Raden Saleh Sjarif Boestaman (1811 – 23 April 1880) was an Indonesian Romantic painter of Arab-Javanese ethnicity who pioneered modern Indonesian art. He was considered to be the first modern artist from Indonesia (then Dutch East Indies), and his paintings corresponded with nineteenth-century romanticism which was popular in Europe at the time. He also expressed his cultural roots and inventiveness in his work.
Young Raden Saleh was first taught in Bogor by the Belgian artist A.J. Payen. Payen acknowledged the youth's talent, and persuaded the colonial government of the Netherlands to send Raden Saleh to the Netherlands to study art. He arrived in Europe in 1829 and began to study under Cornelius Kruseman and Andreas Schelfhout.
It was from Kruseman that Raden Saleh studied his skills in portraiture, and later was accepted at various European courts where he was assigned to do portraits. While in Europe, in 1836 Saleh became the first indigenous Indonesian to be initiated into Freemasonry. From 1839, he spent five years at the court of Ernest I, Duke of Saxe-Coburg and Gotha, who became an important patron.

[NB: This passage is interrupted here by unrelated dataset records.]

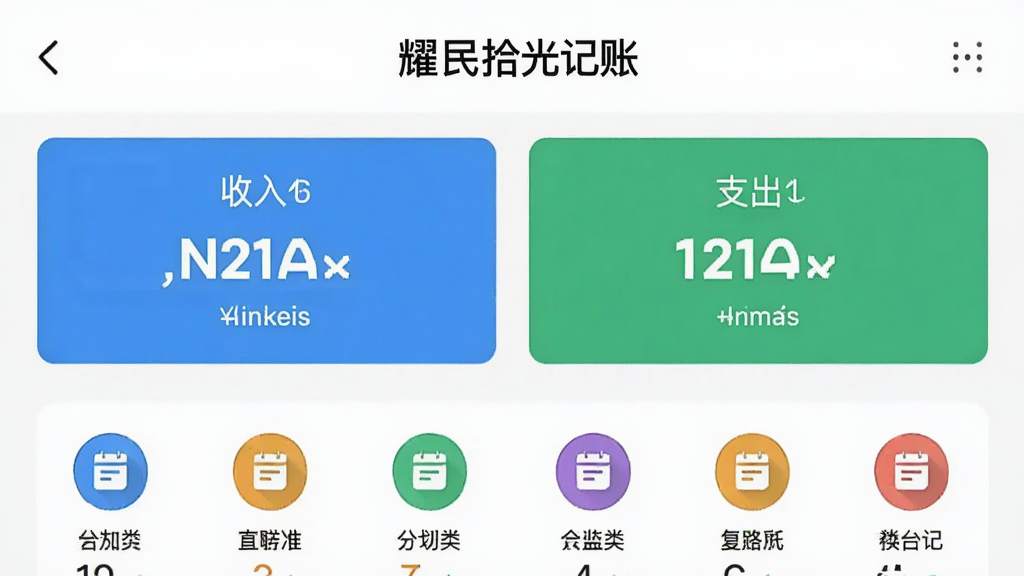 耀民拾光记账界面截图,突出显示收入与支出两个大按钮,下方是分类图标列表,界面设计简洁大方,色彩明快,画质清晰,干净无多余元素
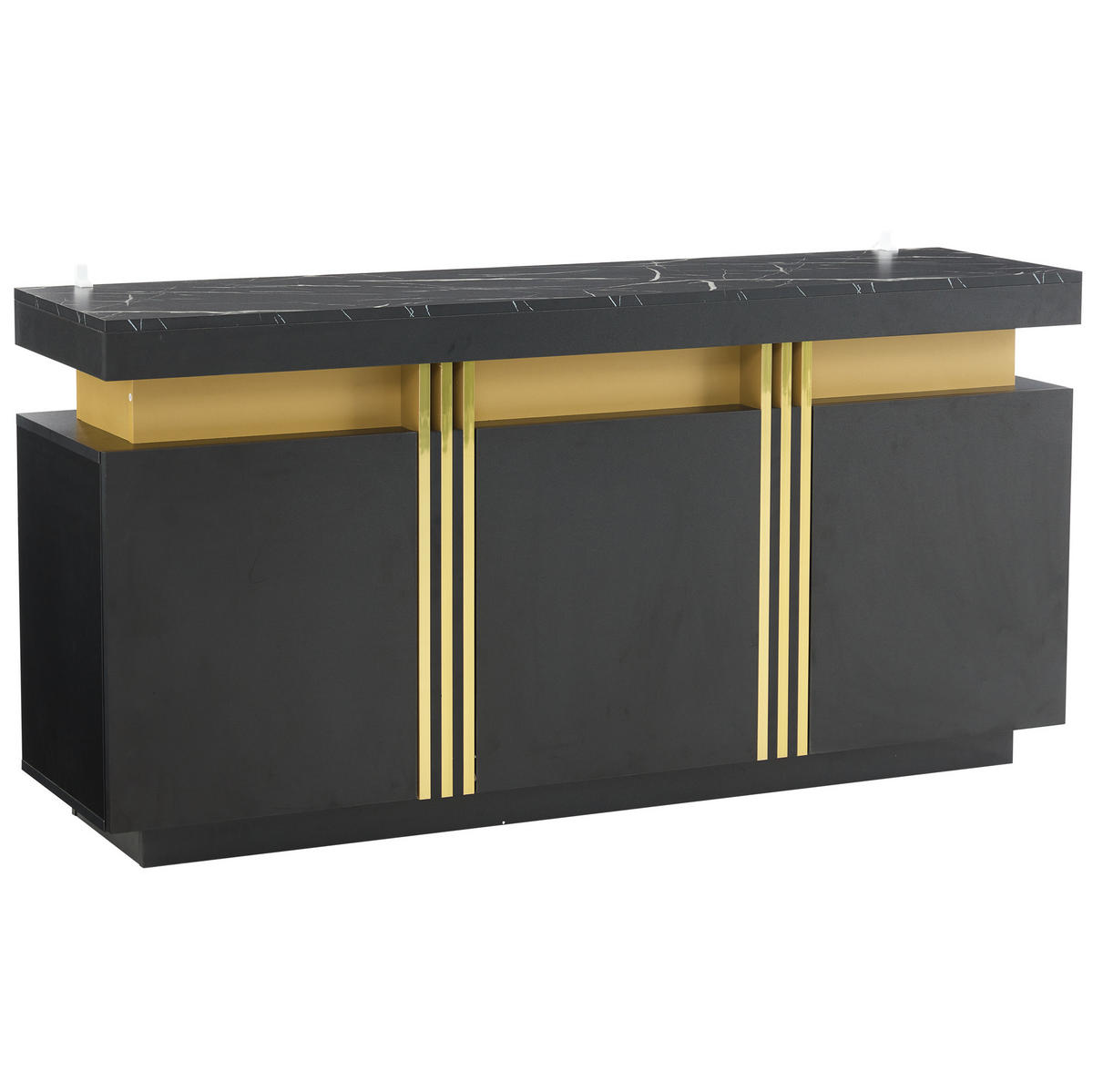 SIDEBOARD 140/38/70 cm aus Spanplatte mit 3 Türen und verstellbaren Einlegeböden Schwarz - Schwarz, Holzwerkstoff (140/70/38cm) - Modenvie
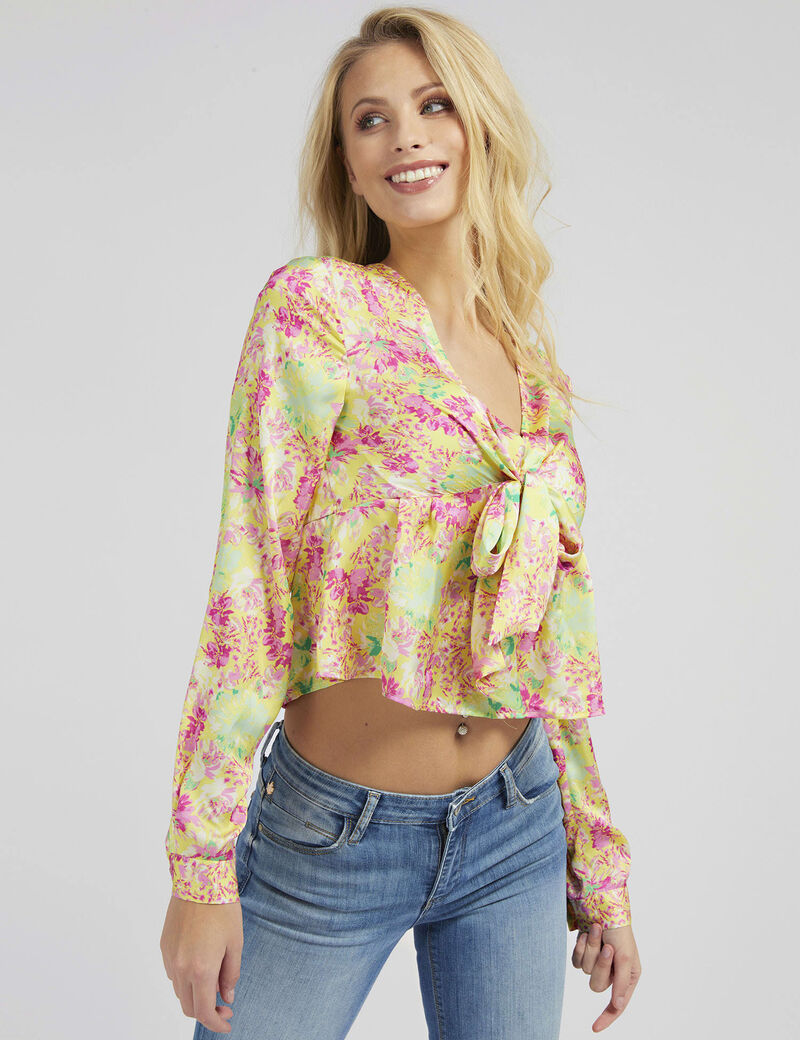 All Over Print Knotted Blouse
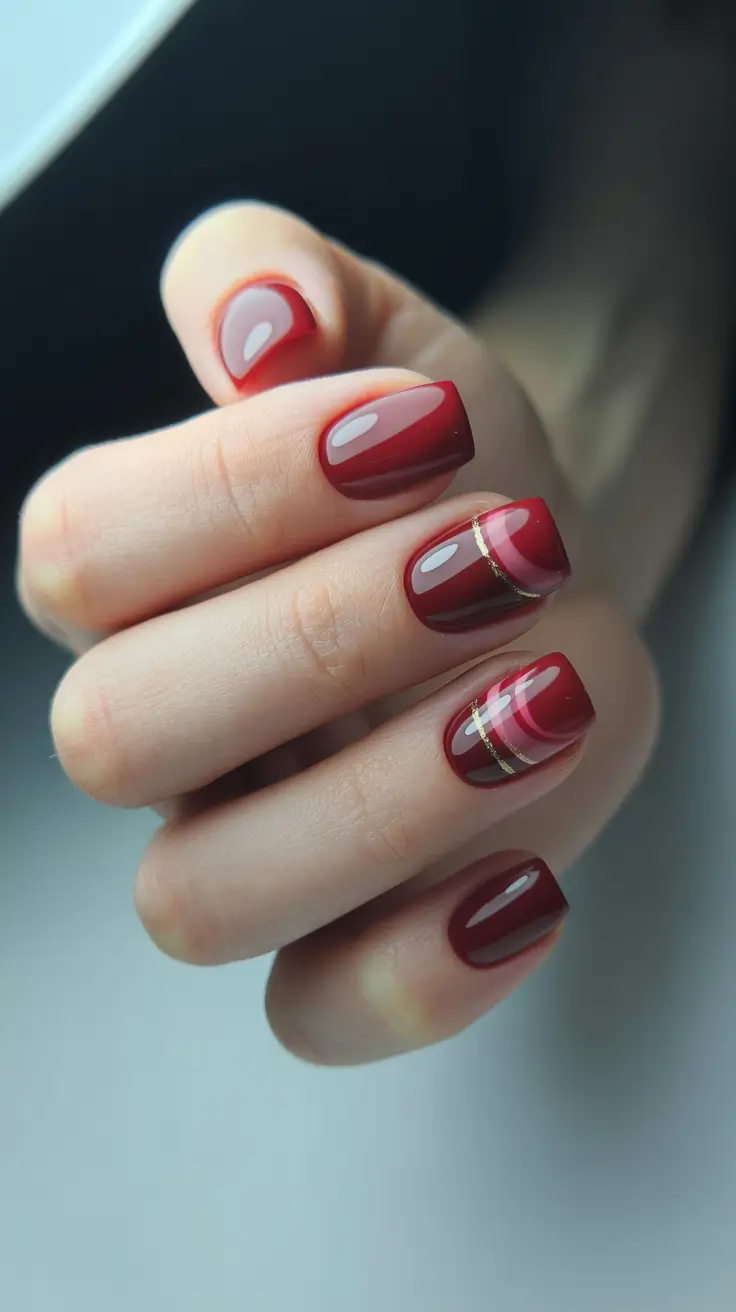 Classic red nails 2026 Red with gold band detail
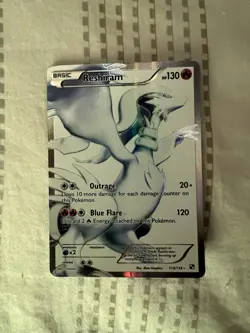 Pokemon TCG Reshiram Black White Holo Full Art Ultra Rare Card 113/114 MP - Image 1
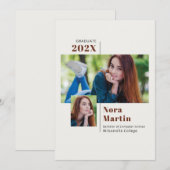 シンプル大学卒業オーバーンクリーム 案内状 (正面/裏面)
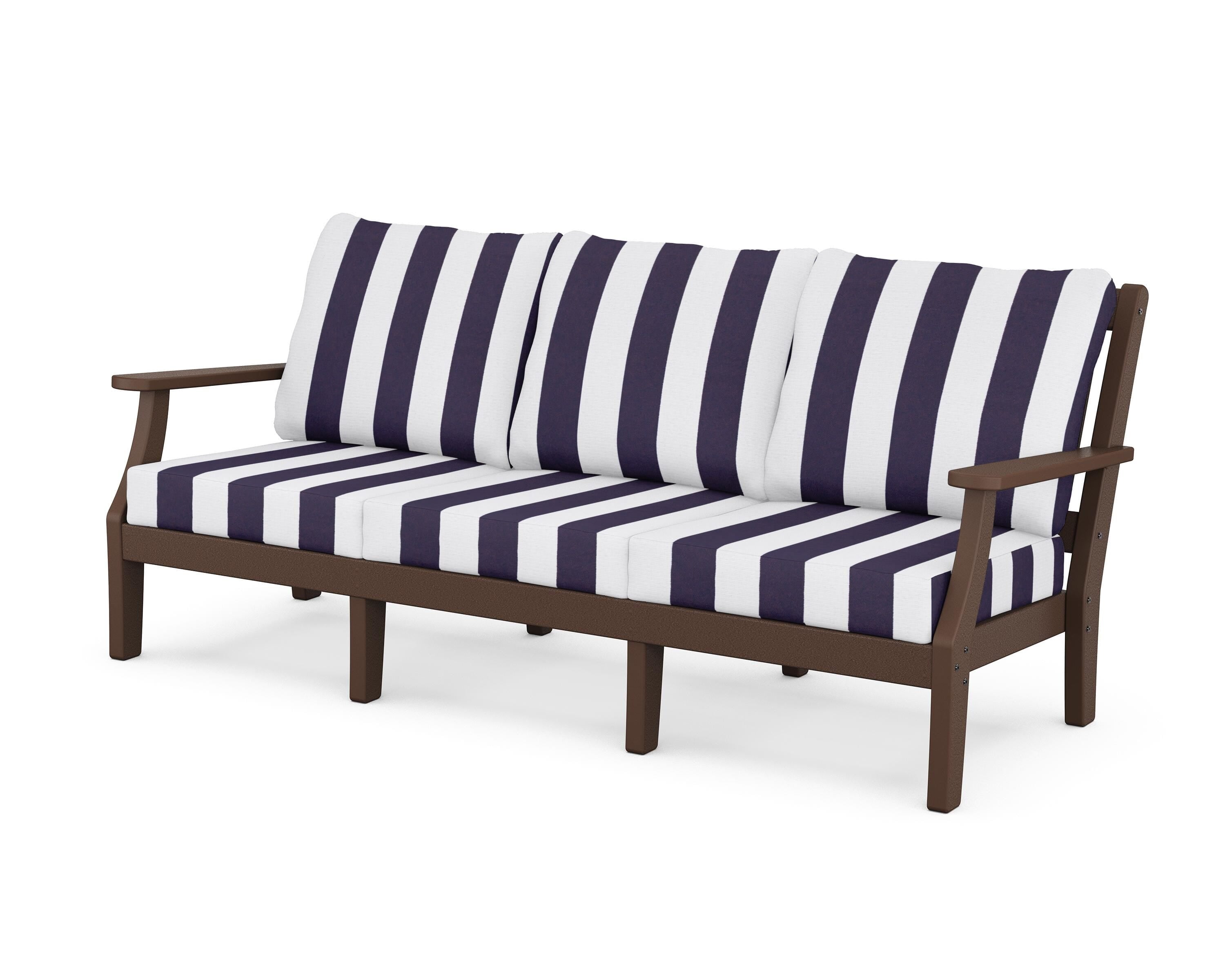 Martha Stewart by POLYWOOD® Chinoiserie Deep Seating Sofa in Mahogany / Cabana Stripe Navy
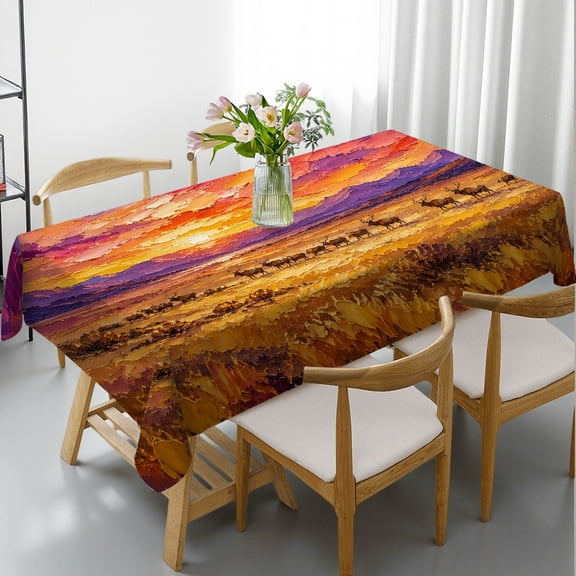 RKSupls Rectangle Dining Tablecloth - Sunset Elk Herd Prairie Print, Holiday-Themed Design Holiday Party Tablecloth Rectangle Dining Tablecloth, Ideal for Kitchen Picnic Party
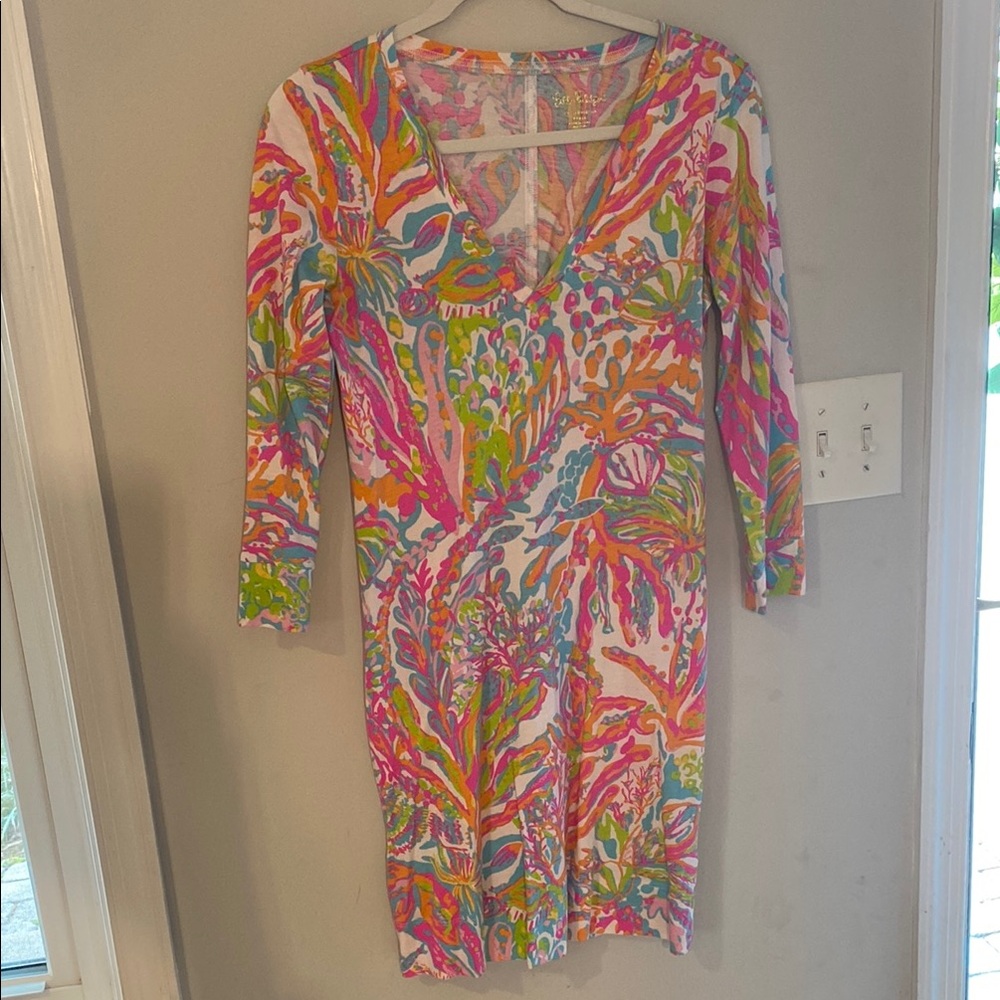Colorful Floral V-Neck Dress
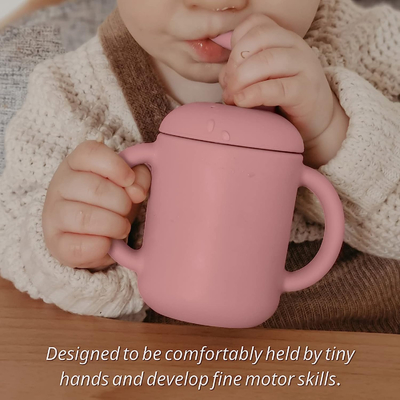 Veelkleurig Smaakloos Silicone Straw Sippy Cup, Microwaveable-Silicone het Leren Kop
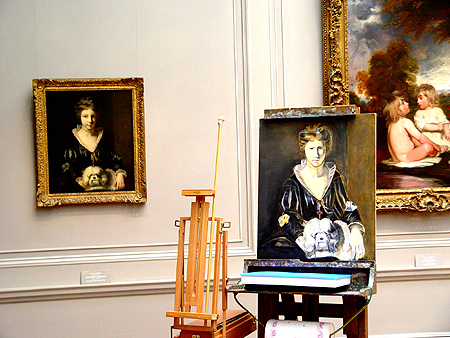 While viewing the galleries, one can find art easels throughout the National Gallery of Art.  Modern artists find inspiration from past paintings such as this one of Miss Beatrix Lister orginially by Sir Joshua Reynolds.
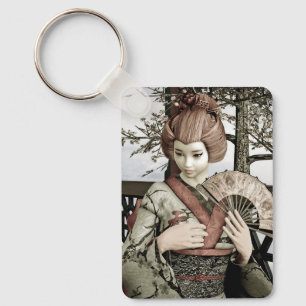 Vintage Geisha Kimono Fan Illustration Key Ring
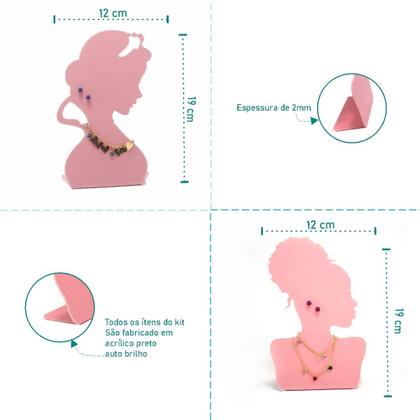 Imagem de Expositor Busto De Brinco E Colar P/ Joias  Bijuterias 4 Pç
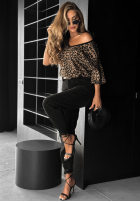 Nohavice džínosové z paskiem mom fit Don’t Wait čierne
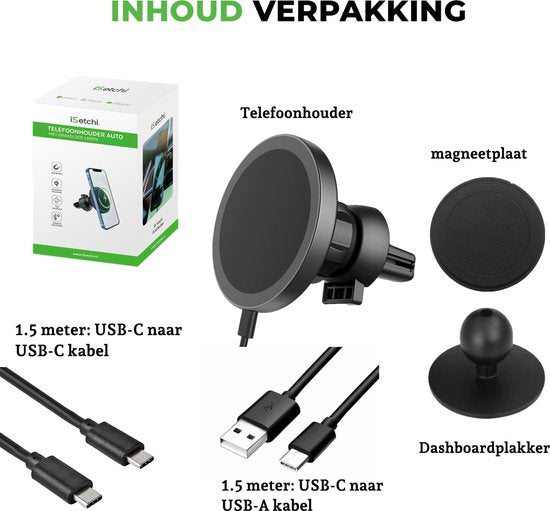 iSetchi Telefoonhouder - Qi Draadloze Oplader - 15 Watt Snellader - Ventilatierooster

From Schelfhout, Raden Saleh furthered his skills as a landscape painter. Raden Saleh visited several European cities, as well as Algiers. In The Hague, a lion tamer allowed Raden Saleh to study his lion, and from that his most famous painting of animal fights was created, which subsequently brought fame to the artist. Many of his paintings were exhibited at the Rijksmuseum in Amsterdam. Several of his paintings were destroyed when the Colonial Dutch pavilion in Paris was burnt in 1931.